What the task asks
Repeat only the lines below that run from the line with "7 yếu tố dẫn đến tình trạng mụn viêm trên da" to the line with "Бюгельный зубной протез", ends included; skip every picture.
^^^^
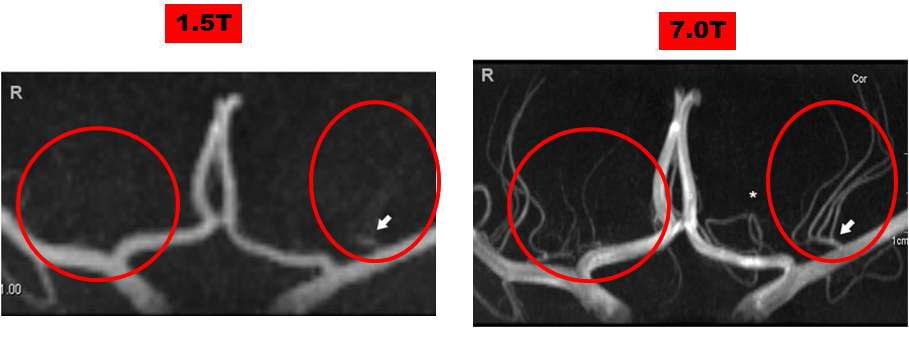 1.5T MRI와 7.0T MRI의 천공동맥 (Lenticulostriate Arteries, LSA) 영상 비교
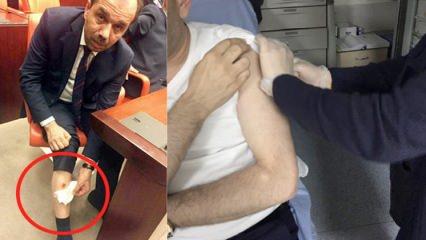 Bacağından ısırılan AK Partili vekil öyle bir fotoğraf paylaştı ki
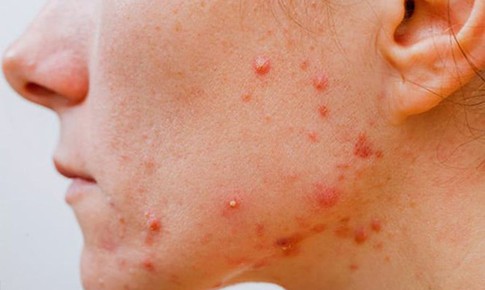 7 yếu tố dẫn đến tình trạng mụn viêm trên da
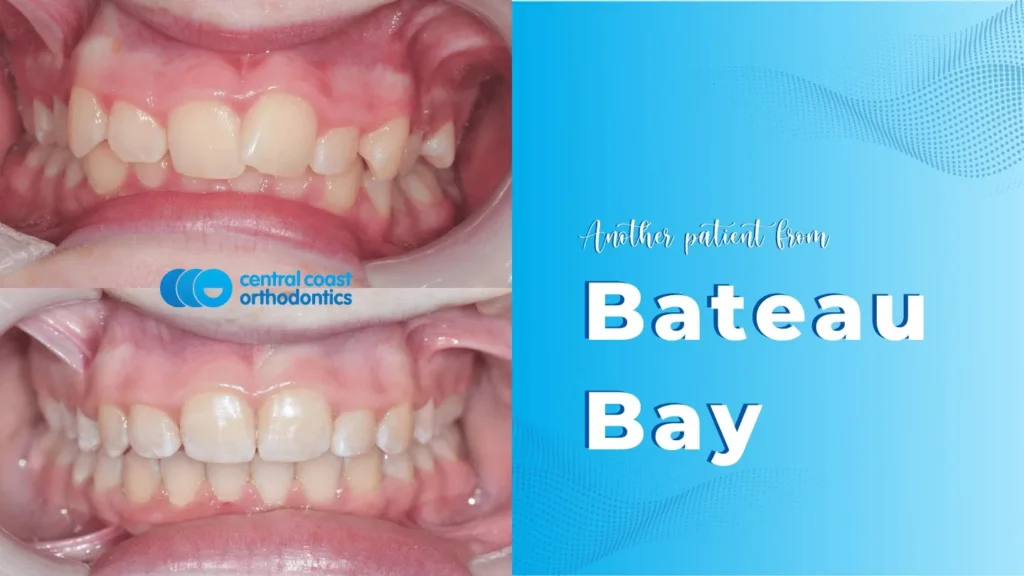 Before and after photographs of a Central Coast Orthodontics patient's teeth, labelled Bateau Bay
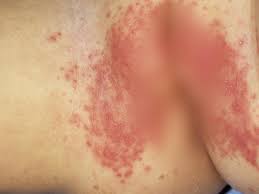 They are flat to the touch and can sometimes look like a rash. Pictures Of Childhood Rashes And Skin Condition Babycenter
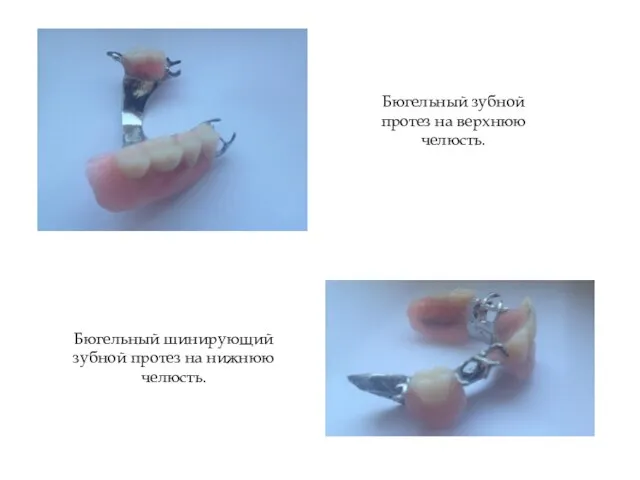 Бюгельный зубной протез на верхнюю челюсть. Бюгельный шинирующий зубной протез на нижнюю челюсть.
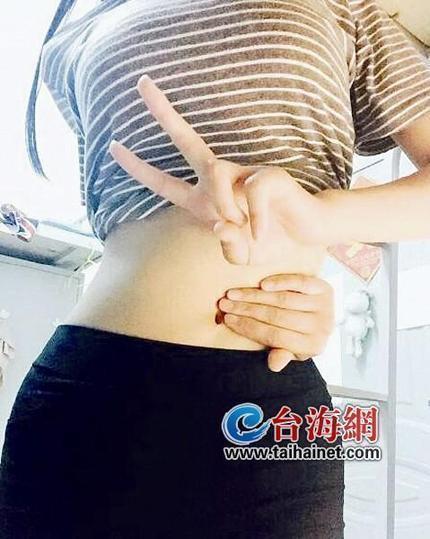 女子“炫腹”不成肌肉撕裂 专家：不能区分胖瘦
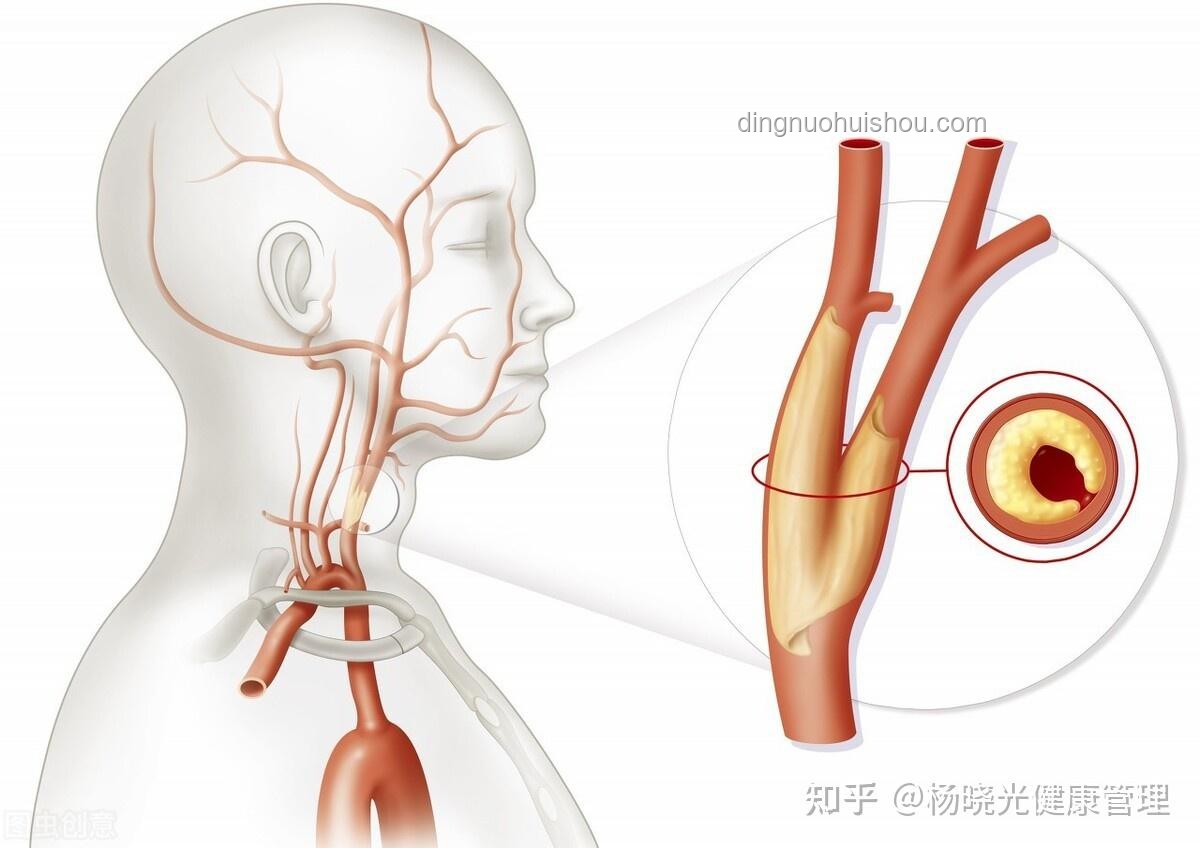 硬化血管“石化”術(shù)：醫(yī)療創(chuàng)新的取石奇緣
^^^^
Output for this task
 7 yếu tố dẫn đến tình trạng mụn viêm trên da
 Before and after photographs of a Central Coast Orthodontics patient's teeth, labelled Bateau Bay
 They are flat to the touch and can sometimes look like a rash. Pictures Of Childhood Rashes And Skin Condition Babycenter
 Бюгельный зубной протез на верхнюю челюсть. Бюгельный шинирующий зубной протез на нижнюю челюсть.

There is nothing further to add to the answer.